Dall’Iri ad Autostrade, dal 1950 agli anni 2000 fino ai nostri giorni: date ed eventi hanno caratterizzato la storia delle autostrade italiane, il processo di privatizzazione e i rinnovi della
concessione di una rete strategica del Paese. Un processo lungo e non privo di polemiche sugli investimenti, i ritardi, le
tariffe.
Era il 1950, quasi 70 anni fa, quando per iniziativa dell'Iri, l’istituto per la Ricostruzione Industriale, nasceva la Società Autostrade Concessioni e Costruzioni S.p.a.
L'obiettivo era quello di partecipare, insieme ad altri grandi gruppi industriali, alla ricostruzione post bellica dell'Italia.

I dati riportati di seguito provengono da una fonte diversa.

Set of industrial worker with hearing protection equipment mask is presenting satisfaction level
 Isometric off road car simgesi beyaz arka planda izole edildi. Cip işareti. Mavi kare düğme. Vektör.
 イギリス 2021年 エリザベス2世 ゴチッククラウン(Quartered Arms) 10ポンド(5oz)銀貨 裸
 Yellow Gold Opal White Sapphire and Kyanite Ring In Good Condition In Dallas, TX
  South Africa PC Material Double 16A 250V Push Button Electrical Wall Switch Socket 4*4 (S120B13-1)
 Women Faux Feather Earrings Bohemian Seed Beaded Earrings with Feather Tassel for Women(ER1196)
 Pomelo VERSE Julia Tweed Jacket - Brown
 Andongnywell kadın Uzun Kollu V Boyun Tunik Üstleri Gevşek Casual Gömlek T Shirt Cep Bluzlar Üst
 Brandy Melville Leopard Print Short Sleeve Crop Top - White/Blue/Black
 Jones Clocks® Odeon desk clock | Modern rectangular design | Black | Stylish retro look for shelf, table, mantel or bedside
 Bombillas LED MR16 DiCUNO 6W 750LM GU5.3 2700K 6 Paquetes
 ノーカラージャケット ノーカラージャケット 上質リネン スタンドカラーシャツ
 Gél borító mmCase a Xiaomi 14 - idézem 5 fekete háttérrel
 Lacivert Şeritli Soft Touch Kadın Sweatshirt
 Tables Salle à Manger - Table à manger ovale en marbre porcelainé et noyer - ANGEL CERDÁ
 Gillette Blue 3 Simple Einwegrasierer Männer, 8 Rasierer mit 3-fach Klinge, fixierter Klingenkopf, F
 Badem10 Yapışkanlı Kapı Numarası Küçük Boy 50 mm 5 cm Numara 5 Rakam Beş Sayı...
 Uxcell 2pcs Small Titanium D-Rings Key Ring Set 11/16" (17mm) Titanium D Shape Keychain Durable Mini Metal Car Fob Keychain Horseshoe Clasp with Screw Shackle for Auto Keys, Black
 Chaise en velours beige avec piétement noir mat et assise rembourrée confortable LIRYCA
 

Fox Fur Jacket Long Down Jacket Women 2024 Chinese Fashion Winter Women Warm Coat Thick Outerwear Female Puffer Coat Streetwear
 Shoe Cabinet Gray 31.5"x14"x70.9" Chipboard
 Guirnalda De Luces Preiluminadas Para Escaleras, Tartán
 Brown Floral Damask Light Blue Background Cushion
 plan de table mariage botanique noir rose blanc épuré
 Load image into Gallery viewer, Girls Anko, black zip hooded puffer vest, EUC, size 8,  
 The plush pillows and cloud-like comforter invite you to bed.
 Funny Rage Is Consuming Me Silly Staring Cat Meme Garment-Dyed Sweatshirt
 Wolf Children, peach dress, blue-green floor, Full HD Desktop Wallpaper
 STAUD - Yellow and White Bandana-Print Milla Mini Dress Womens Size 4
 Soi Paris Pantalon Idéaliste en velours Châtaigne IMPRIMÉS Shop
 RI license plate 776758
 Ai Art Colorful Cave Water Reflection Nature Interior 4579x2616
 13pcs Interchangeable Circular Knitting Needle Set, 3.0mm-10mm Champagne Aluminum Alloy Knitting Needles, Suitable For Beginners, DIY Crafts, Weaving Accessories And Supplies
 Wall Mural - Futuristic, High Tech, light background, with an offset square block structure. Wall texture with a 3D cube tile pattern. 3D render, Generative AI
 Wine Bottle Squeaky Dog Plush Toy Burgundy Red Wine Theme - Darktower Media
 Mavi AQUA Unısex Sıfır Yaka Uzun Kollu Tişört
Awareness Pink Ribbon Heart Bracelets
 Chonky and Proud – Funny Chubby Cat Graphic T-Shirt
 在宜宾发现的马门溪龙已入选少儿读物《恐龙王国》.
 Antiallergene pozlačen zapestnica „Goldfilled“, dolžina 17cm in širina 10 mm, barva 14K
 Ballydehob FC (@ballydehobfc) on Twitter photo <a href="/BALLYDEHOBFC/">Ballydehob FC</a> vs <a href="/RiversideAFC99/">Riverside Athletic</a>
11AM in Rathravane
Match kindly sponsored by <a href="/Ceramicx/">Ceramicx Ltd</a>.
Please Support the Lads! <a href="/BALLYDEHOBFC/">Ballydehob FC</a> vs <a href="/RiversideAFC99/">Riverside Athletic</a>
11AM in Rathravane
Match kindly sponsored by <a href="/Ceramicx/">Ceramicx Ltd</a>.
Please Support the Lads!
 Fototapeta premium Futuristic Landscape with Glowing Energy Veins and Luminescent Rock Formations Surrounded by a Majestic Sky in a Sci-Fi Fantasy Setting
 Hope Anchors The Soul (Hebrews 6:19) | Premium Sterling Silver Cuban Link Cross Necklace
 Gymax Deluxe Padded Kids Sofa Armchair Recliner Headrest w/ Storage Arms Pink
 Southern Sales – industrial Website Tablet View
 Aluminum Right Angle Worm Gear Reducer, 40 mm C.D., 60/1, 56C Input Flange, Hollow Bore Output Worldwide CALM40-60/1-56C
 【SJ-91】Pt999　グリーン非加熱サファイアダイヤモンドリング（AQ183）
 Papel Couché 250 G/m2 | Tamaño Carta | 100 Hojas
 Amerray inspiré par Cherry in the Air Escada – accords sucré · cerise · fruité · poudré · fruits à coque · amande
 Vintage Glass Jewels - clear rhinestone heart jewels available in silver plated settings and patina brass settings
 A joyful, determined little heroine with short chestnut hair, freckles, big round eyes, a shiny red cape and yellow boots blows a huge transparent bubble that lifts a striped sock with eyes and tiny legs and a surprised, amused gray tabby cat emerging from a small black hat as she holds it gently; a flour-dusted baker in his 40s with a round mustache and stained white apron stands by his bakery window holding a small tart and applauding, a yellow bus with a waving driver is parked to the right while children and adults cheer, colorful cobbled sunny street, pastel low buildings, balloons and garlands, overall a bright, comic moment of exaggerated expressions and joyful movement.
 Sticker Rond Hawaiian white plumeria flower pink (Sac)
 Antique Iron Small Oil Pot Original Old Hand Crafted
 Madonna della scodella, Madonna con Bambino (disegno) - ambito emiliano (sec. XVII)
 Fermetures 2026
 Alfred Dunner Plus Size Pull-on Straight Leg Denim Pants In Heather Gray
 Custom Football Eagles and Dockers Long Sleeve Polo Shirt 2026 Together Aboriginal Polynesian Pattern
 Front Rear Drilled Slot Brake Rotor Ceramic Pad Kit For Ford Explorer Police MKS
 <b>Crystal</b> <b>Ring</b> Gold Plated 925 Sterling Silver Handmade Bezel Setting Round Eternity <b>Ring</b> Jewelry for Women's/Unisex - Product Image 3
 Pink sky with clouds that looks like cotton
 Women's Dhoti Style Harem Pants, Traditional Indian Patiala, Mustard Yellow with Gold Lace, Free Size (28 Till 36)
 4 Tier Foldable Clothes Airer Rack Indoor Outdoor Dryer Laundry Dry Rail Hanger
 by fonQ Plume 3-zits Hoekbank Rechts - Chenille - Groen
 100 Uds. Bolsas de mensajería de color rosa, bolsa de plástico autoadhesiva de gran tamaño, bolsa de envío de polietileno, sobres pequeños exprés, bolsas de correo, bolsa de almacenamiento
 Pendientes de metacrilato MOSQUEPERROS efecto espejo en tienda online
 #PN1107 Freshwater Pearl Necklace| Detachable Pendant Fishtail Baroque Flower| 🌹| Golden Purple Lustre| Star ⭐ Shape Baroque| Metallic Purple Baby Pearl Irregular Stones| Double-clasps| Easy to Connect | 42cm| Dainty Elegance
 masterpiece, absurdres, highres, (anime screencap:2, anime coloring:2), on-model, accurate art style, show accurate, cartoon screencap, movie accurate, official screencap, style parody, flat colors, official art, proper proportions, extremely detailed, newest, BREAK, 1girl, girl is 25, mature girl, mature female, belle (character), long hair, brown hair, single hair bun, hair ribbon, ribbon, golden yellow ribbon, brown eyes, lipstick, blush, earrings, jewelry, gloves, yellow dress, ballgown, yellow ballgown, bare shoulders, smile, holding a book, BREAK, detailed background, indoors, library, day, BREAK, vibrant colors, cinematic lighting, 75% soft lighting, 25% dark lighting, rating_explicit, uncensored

Alla prima Convenzione, del 1956, firmata tra Anas e Autostrade, per co-finanziare, costruire e gestire l'Autostrada del Sole tra Milano e Napoli, sono seguite una serie di altre convenzioni per delineare le arterie autostradali del Paese.
Risale al 1982 la costituzione, con l'aggregazione di altre società concessionarie autostradali, del Gruppo Autostrade. Ma l’anno che ha segnato il cambio di passo nella storia delle autostrade italiane è il 1999.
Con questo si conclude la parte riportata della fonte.